Barron’s homily, which he delivered while celebrating Mass outdoors at the mission, came against a backdrop of opposing groups of protestors.
A group of 20 or so people turned out to express opposition to Serra, and to call for the removal of the saint’s statue from the mission grounds. Catholic counter-protestors, including Knights of Columbus members, also were present that day to defend Serra, block protestors from disrupting the Mass, and to pray the rosary.
During the eighteenth century, Father Serra, a Spaniard, founded nine Catholic missions, from San Diego to San Francisco, in the area that would later become California. Serra helped to convert thousands of native Californians to Christianity, and taught them new agricultural technologies.

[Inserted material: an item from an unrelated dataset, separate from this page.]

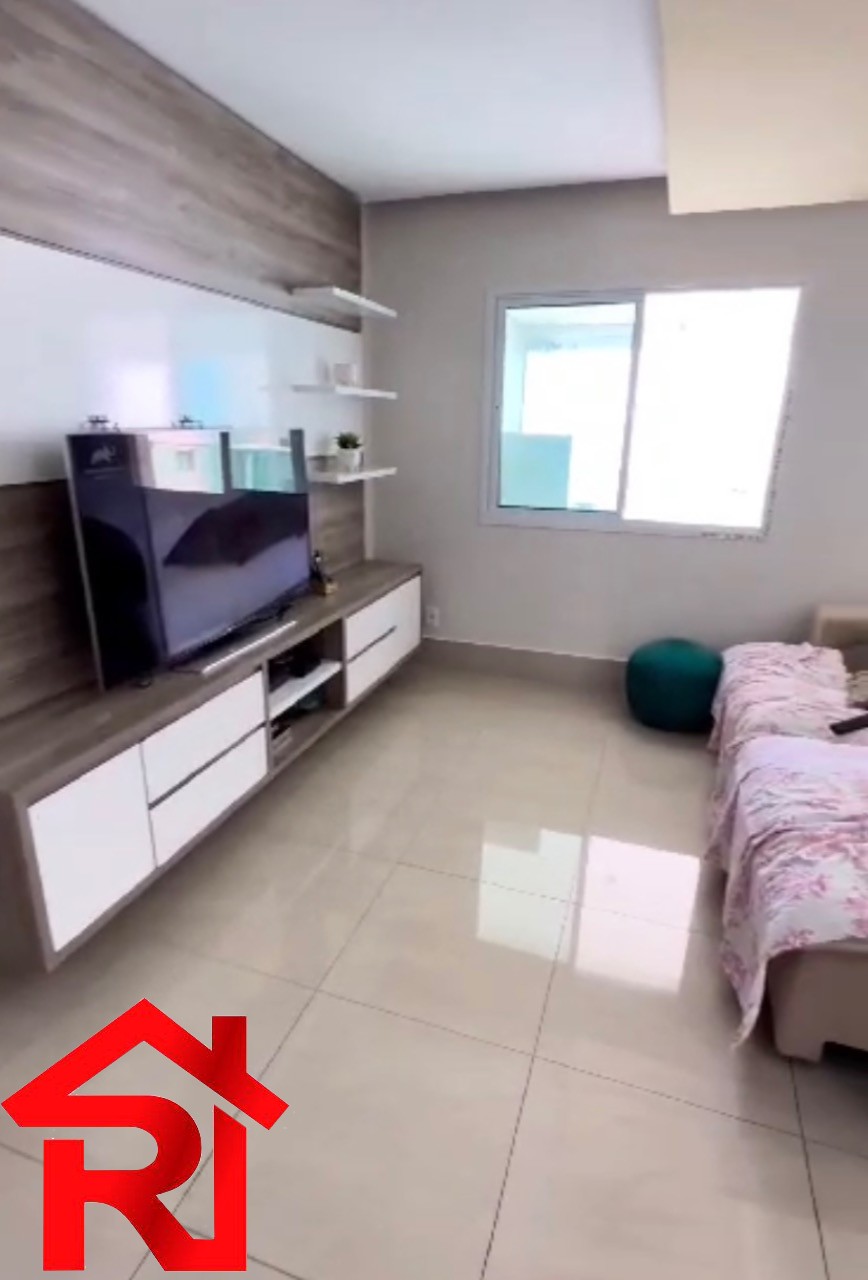 Apartamento à venda com 3 quartos, 142m² - Foto 11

Santa Inés mission is located in Solvang, CA, about an hour northwest of Santa Barbara. Though that mission was not founded by Serra himself, it owes its existence to Serra’s legacy.
While some activists today associate Serra with the many abuses that the Native Americans suffered after contact with Europeans, biographies and historical records suggest that Serra actually advocated on behalf of the Natives against the Spanish military and against encroaching European settlement.
Widespread comparisons by some activists of Serra to Adolph Hitler, or assertions that Serra himself was “genocidal,” are simply false, he said.
Barron pointed out that Serra himself viewed the sharing of his Catholic faith as the sharing of “a precious gift”— a gift that he dedicated his life, selflessly, to giving to others.
A California archeologist, who has studied the missions for over 25 years, told CNA earlier this year that it is clear from Serra’s own writings that he was motivated by a missionary zeal to bring salvation to the Native people through the Catholic faith, rather than by genocidal, racist, or opportunistic motivations.
“Serra writes excitedly about how he had finally found his life’s calling, and that he would give his life to these people and their salvation,” Dr. Ruben Mendoza, an archeologist and professor at California State University-Monterey Bay, told CNA.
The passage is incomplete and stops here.